Im Flügel der Freien Demokraten wurden fleißig Fotos geschossen, als Uschi Baum (FDP) ganz vorne auf dem Sitz der Bürgermeisterin Platz nahm. Dies sollte aber keine "feindliche Übernahme" werden: Als Erste Stellvertretende Bürgermeisterin eröffnete sie die Ratssitzung, um wenig später nach der Vereidigung von Dr. Nienhaus den Platz wieder zu räumen — ein hochoffizielles Prozedere. Nachdem die Bürgermeisterin ihren Amtseid geleistet hatte, nahm sie kurz Stellung zur Flüchtlingspolitik: "Wir müssen das als Chance sehen und nicht als Belastung. Die Flüchtlinge müssen die deutsche Sprache erlernen und Teil unserer Bevölkerung werden." Anschließend bekräftigte sie noch einmal ihre Wahlaussage: "Ich werde eine Bürgermeisterin für alle Menschen sein, gemeinsam müssen wir Lösungen finden." Und so nahm sie sich die Zeit, jedes Ratsmitglied per Handschlag als neue Bürgermeisterin zu begrüßen — eine schöne Geste.
Und es ging mit Vereidigungen weiter: Alfred Lempke (SPD) und Ulrich Orlinski (CDU) wurden als neue Ratsmitglieder verpflichtet.

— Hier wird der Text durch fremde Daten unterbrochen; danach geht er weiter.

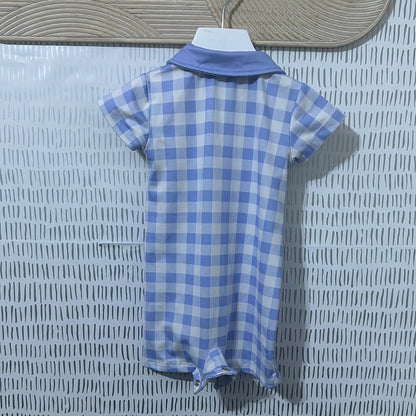 Boys Size 3m Millie and Maxx blue/white plaid romper romper - good used condition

Eine Überraschung gab es beim Tagesordnungspunkt "Fragen der Einwohner": Siebtklässler des Albert-Einstein-Gymnasiums forderten am Mikrofon die Einrichtung eines Jugendrates. Uschi Baum lud die 13-Jährigen in die nächste Sitzung des Jugendhilfeausschusses ein; hier werde man das Thema behandeln.
Dann wurde es kompliziert: Im Sozial- und im Planungsausschuss ist je ein Mitglied der Zentrumsfraktion ausgeschieden (wir berichteten). Wer darf jetzt nachrücken? Professor Dr. Michael Schmitz von der Fachhochschule für öffentliche Verwaltung NRW beantwortete zahlreiche Fragen zu diesem Thema. Fazit: Der Rat hat sich seinerzeit für Ausschüsse mit 17 Sitzen entschieden, also muss aufgestockt werden — entweder beschließt der Rat einstimmig den Nachfolger oder der Ausschuss wird aufgelöst und neu formiert.
Nach einer Pause wurden die Haushaltsreden gehalten. Bereits zuvor hatte die CDU signalisiert, dass sie einer von der Verwaltung vorgeschlagene Erhöhung der Grundsteuer B nicht zustimmen werde. Und genau das war bisher der Knackpunkt — Parteien aus dem Fünfer-Bündnis hätten so dem Haushalt nicht zugestimmt. Schließlich wurde das rund 380 Seiten starke Zahlenwerk mit einer deutlichen Mehrheit verabschiedet. Allerdings nicht ohne mahnende Worte von Dr. Nienhaus mit Blick auf die Grundsteuer B: "Wir werden langfristig nicht um eine Erhöhung herum kommen. Jetzt nehme ich Sie beim Wort und erwarte weitere Konsolidierungsbemühungen." Auch CDU-Chef Lars Christoph hält eine Erhöhung im kommenden Jahr für "wahrscheinlich notwendig". Doch vorerst sollen die Bürger nicht damit belastet werden.